# histogram sort

(algorithm)

Definition: An efficient 3-pass refinement of a bucket sort algorithm. The first pass counts the number of items for each bucket in an auxiliary array, and then makes a running total so each auxiliary entry is the number of preceding items. The second pass puts each item in its proper bucket according to the auxiliary entry for the key of that item. The last pass sorts each bucket.

Also known as interpolation sort.

Generalization (I am a kind of ...)
bucket sort.

Specialization (... is a kind of me.)
counting sort.

Note: A bucket sort uses fixed-size buckets. A histogram sort sets up buckets of exactly the right size in a first pass. A counting sort is a histogram sort with one bucket per possible key value.

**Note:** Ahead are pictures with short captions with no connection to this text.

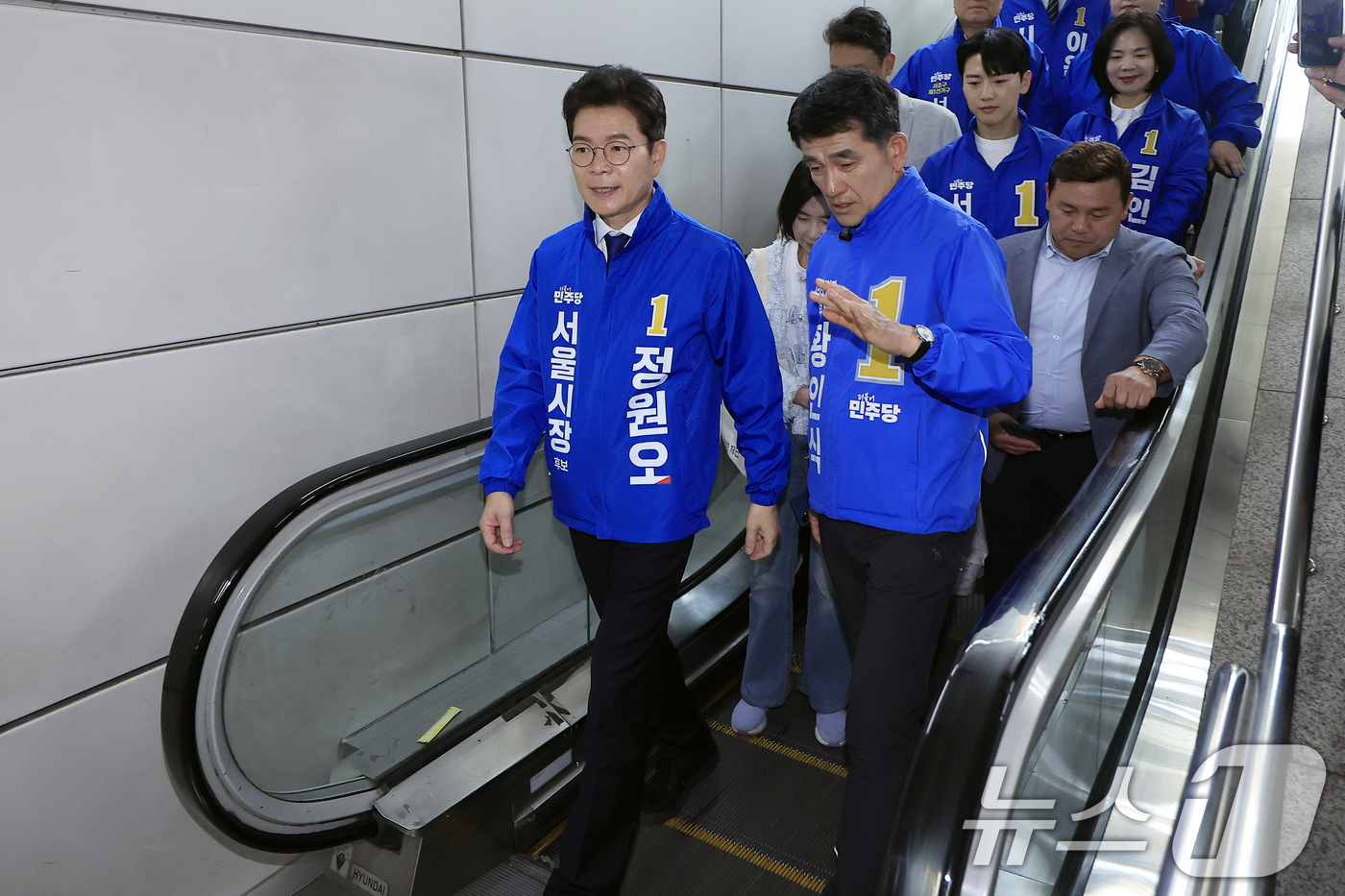 (서울=뉴스1) 박정호 기자 = 정원오 더불어민주당 서울시장 후보가 27일 오전 서울시 서초구 신반포로 서울고속버스터미널 지하상가에서 열린 '서초 하나씩 착착!'에서 황인식 서초구 …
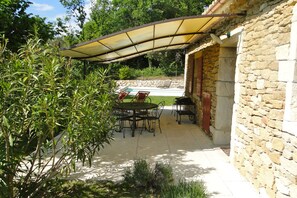 Outdoor dining - Le Mazet Provençal with Private Pool (Colonzelle)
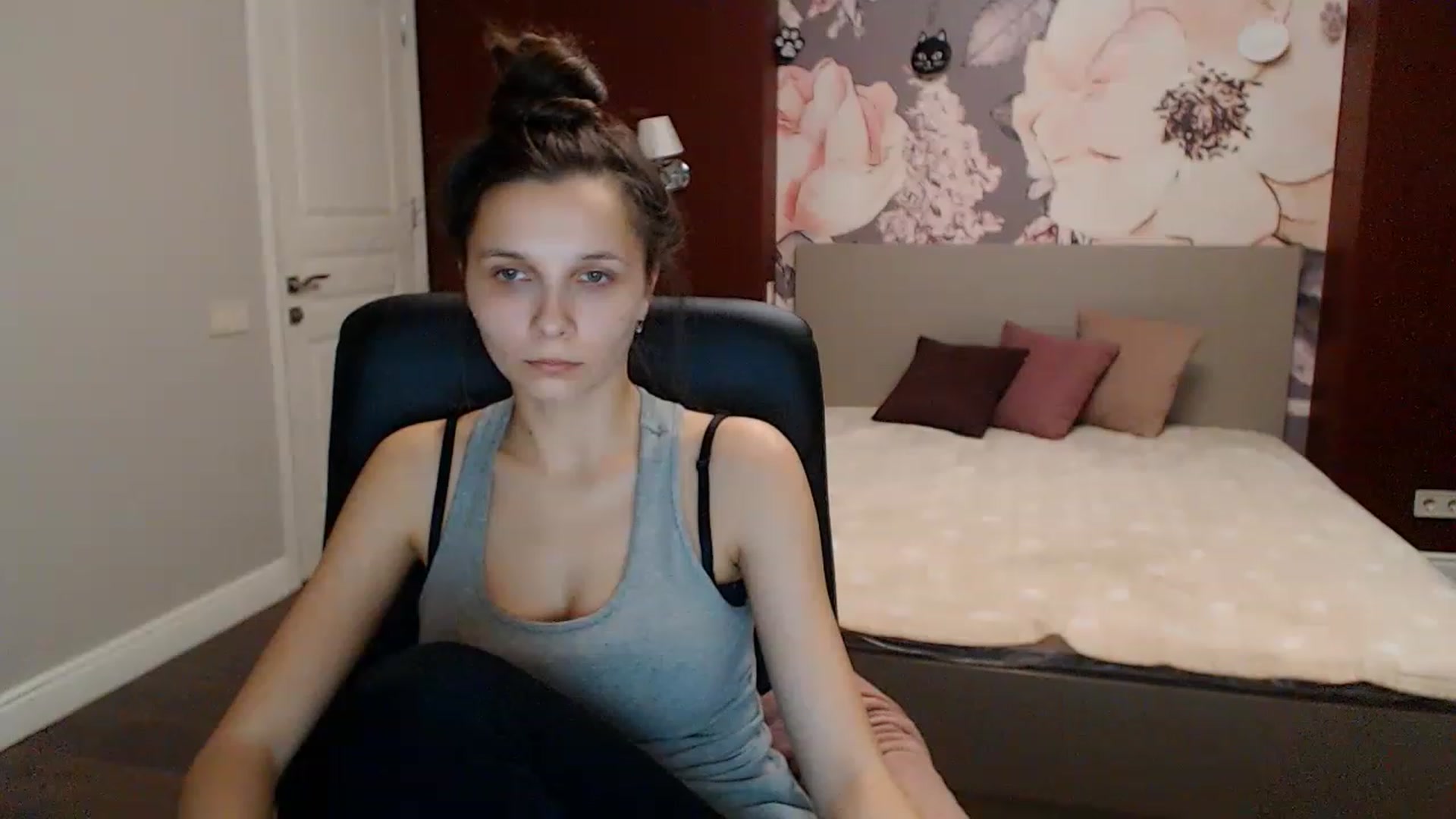 Gallery image thumbnail from Karina_Mils's myfreecams stream on, 01/07/2023, 12:22 image 20 of 20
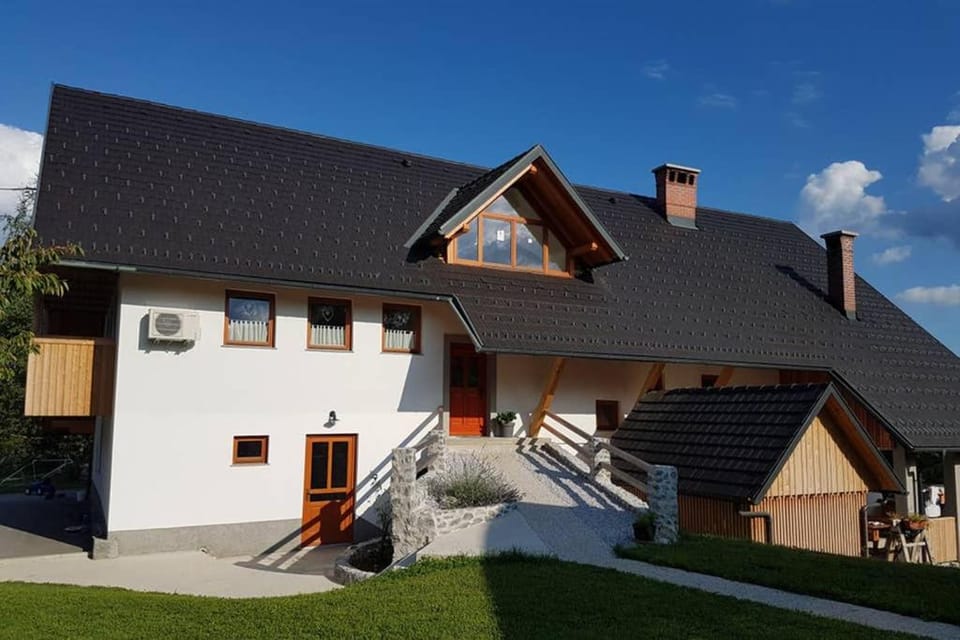 Castle View Nest Apartment in Carinthia, Austria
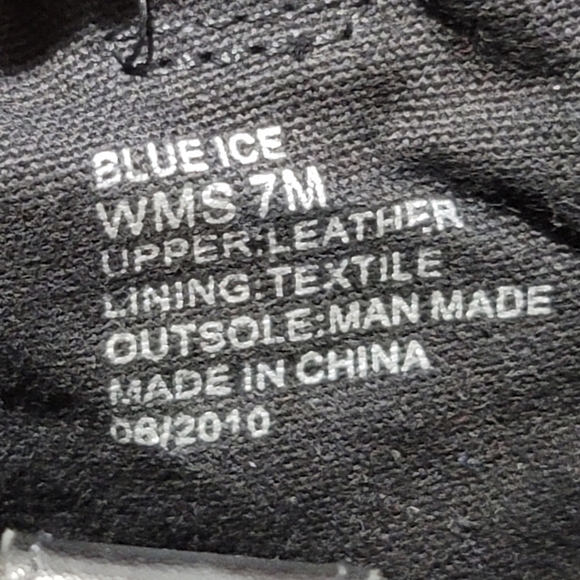 Kenneth Cole Blue Ice Boots - Picture 8 of 8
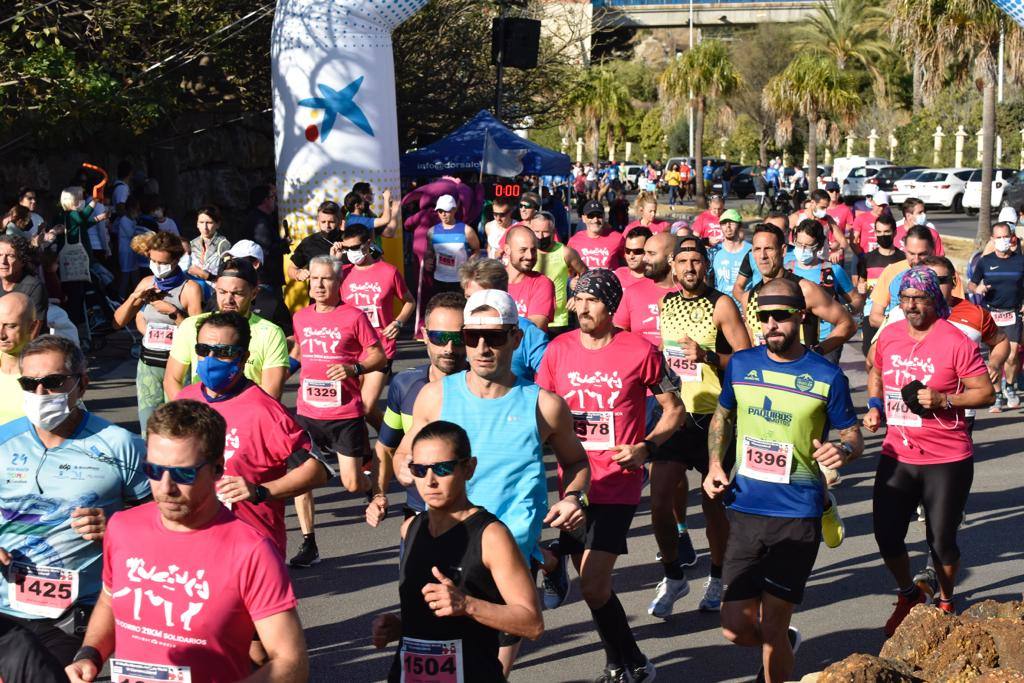 La Carrera Litoral Holiday World cuenta, como en cada edición, con tres modalidades diferentes en la carrera: de 21 kilómetros (media maratón), y de 10 y 5 kilómetros, pensados para pasear y para los niños. También se podía colaborar con dorsal 0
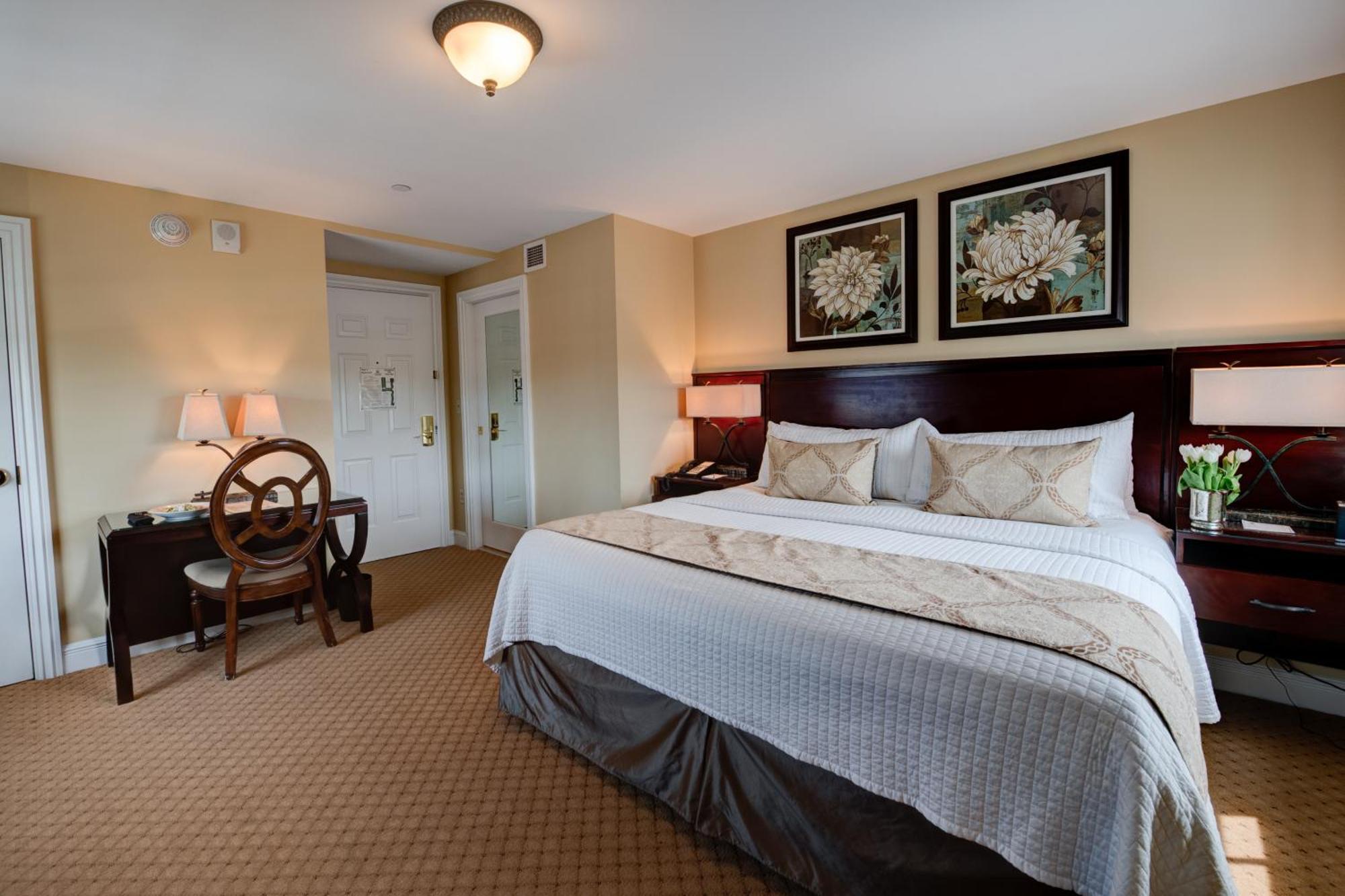 King Room,1704967034:JPEG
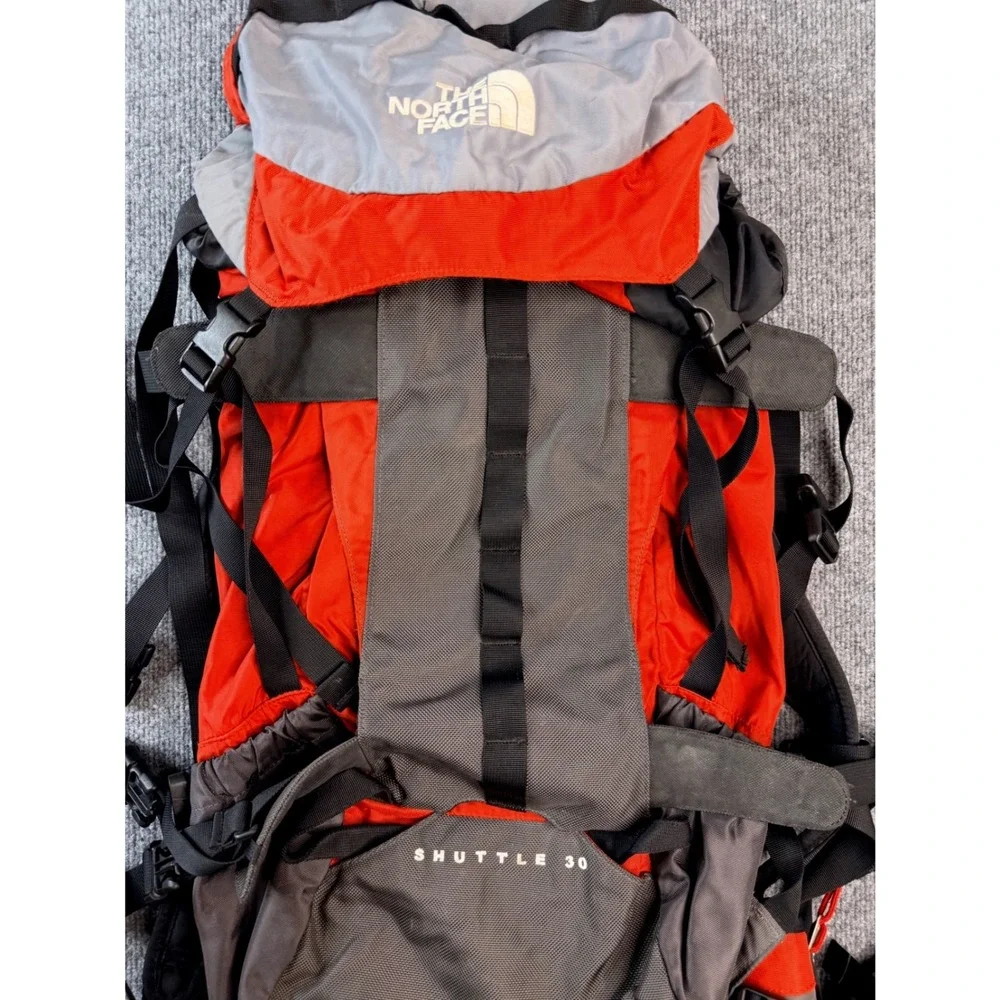 The‎ North Face Shuttle 30 Backpack Red Gray Hiking Travel Laptop Bag ASW3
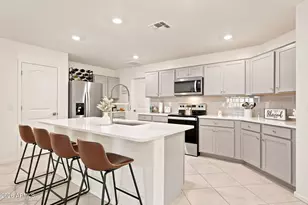 17776 W Oberlin Way, Surprise, AZ 85387 - Photo 6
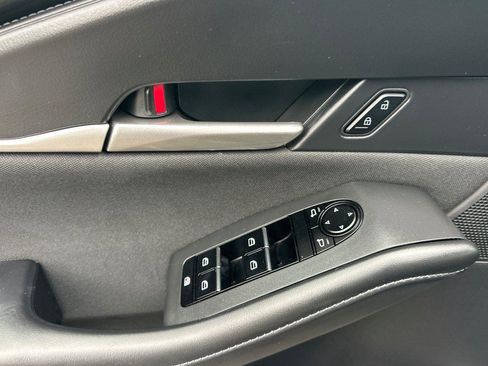 Certified 2025 MAZDA CX-30 AWD 2.5 S image 13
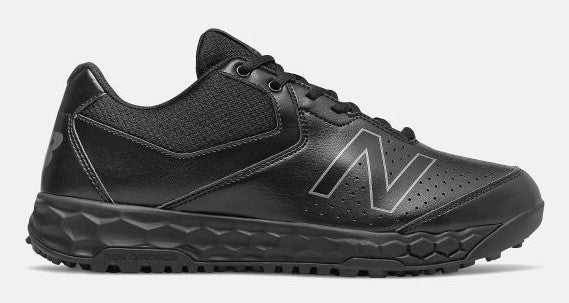 New Balance 950v3 Low-Cut Field Shoe - Black / Black - Triathlete Store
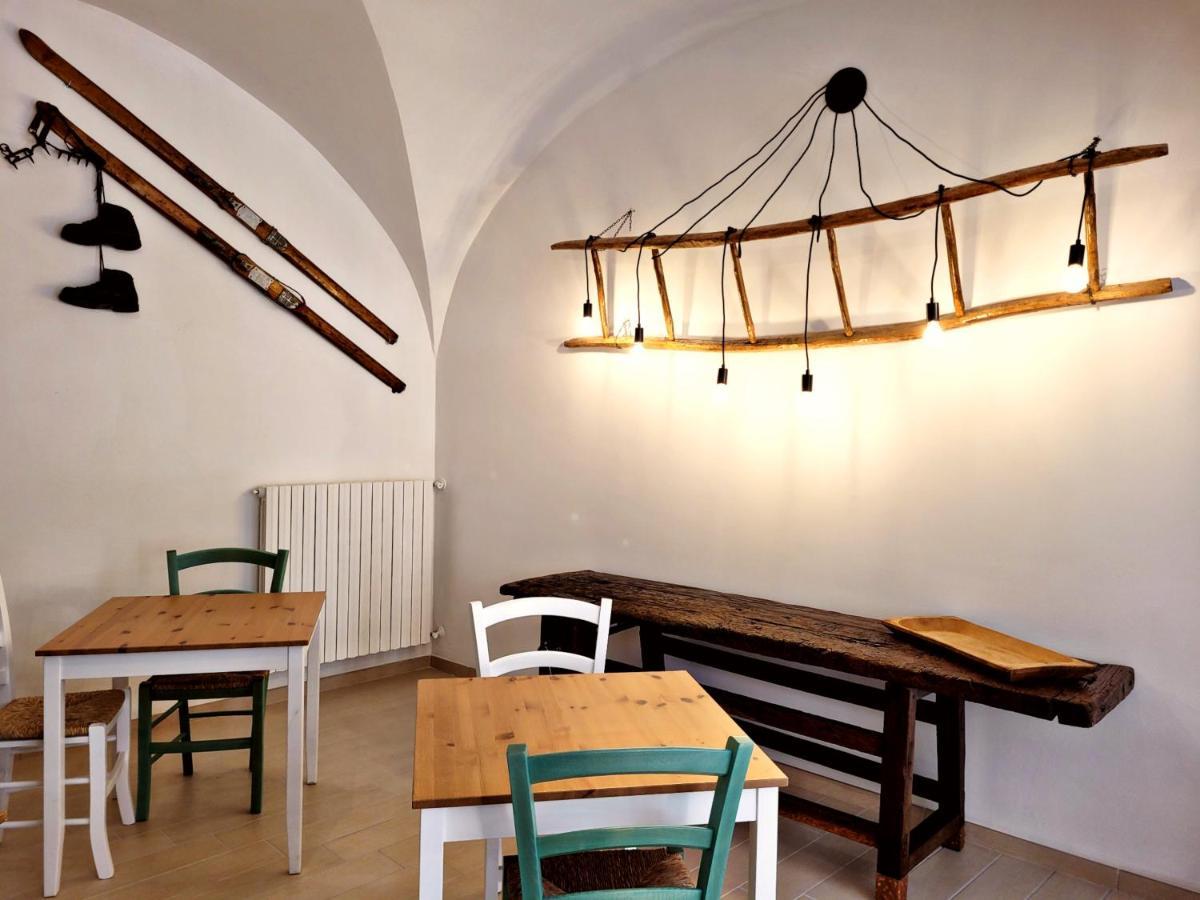 Il Bivacco Del Duomo Bed & Breakfast L'Aquila Bagian luar foto
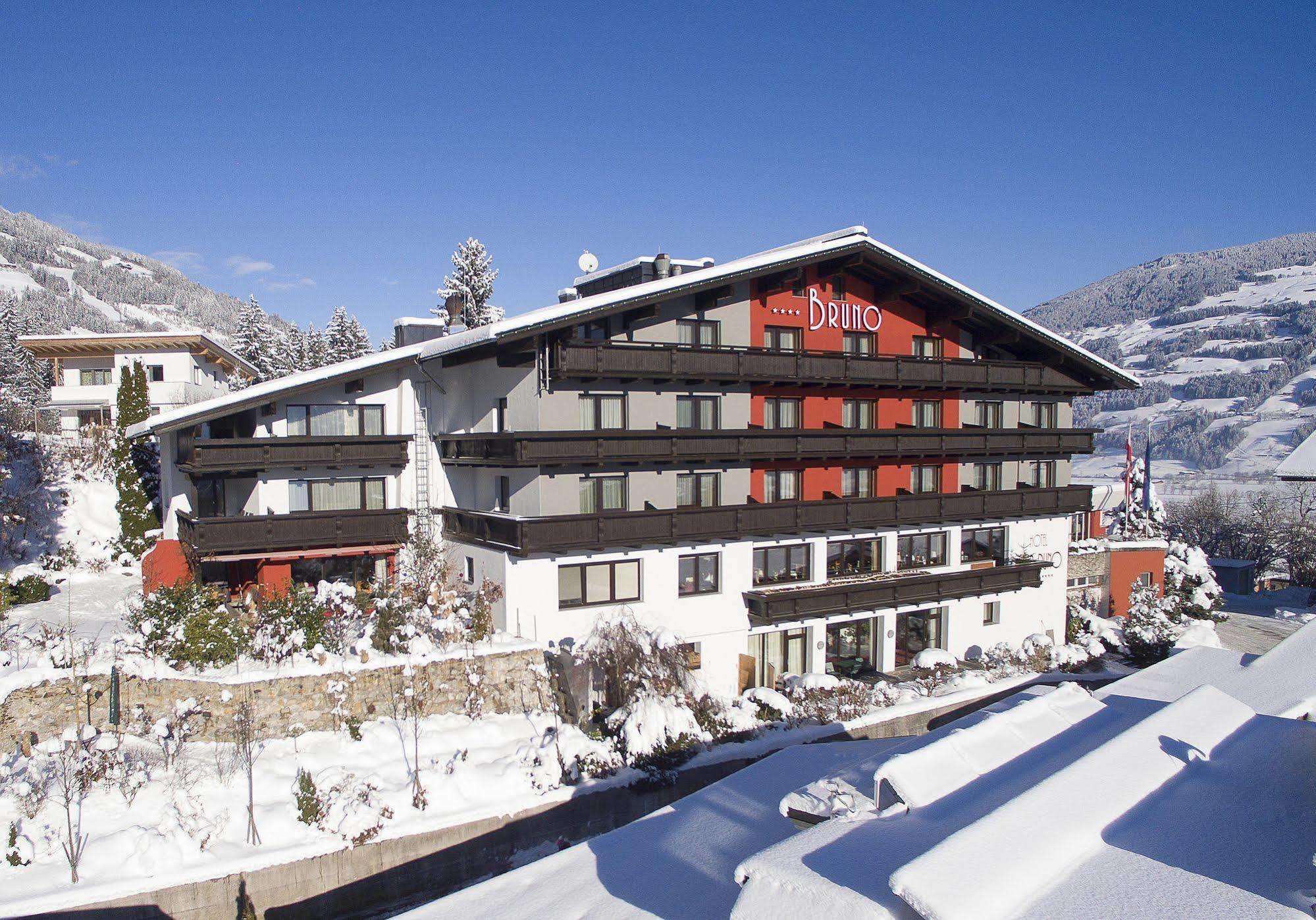 Hotel Bruno Fuegen Exterior photo
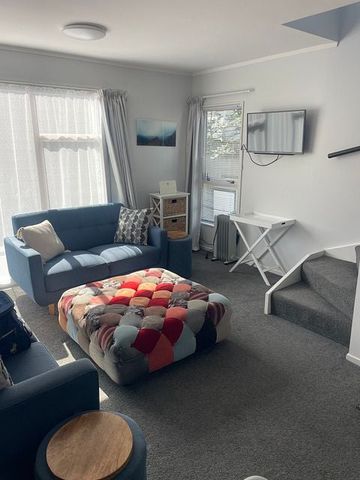 Fully furnished City Townhouse with Garage - Photo 3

The following note is due to Richard Harter, cri@tiac.net, http://www.tiac.net/users/cri/, 8 January 2001, and is used by permission.

The run time is effectively O(n log log n). Let S be the data set to be sorted, where n=|S|. R is an approximate rank function to sort the data into n bins. R has the following properties.

• R is an integer valued function into [0, n-1].
• 0 ≤ R(x) ≤ n-1 for x in S.
• For some x,y in S, R(x)=0 and R(y)=n-1.
• x < y implies R(x) ≤ R(y) for x,y in S.
Each bin then has, on average, 1 entry. Under some rather broad assumptions the number of entries in a bin will be Poisson distributed whence the observation that the sort is O(n log log n).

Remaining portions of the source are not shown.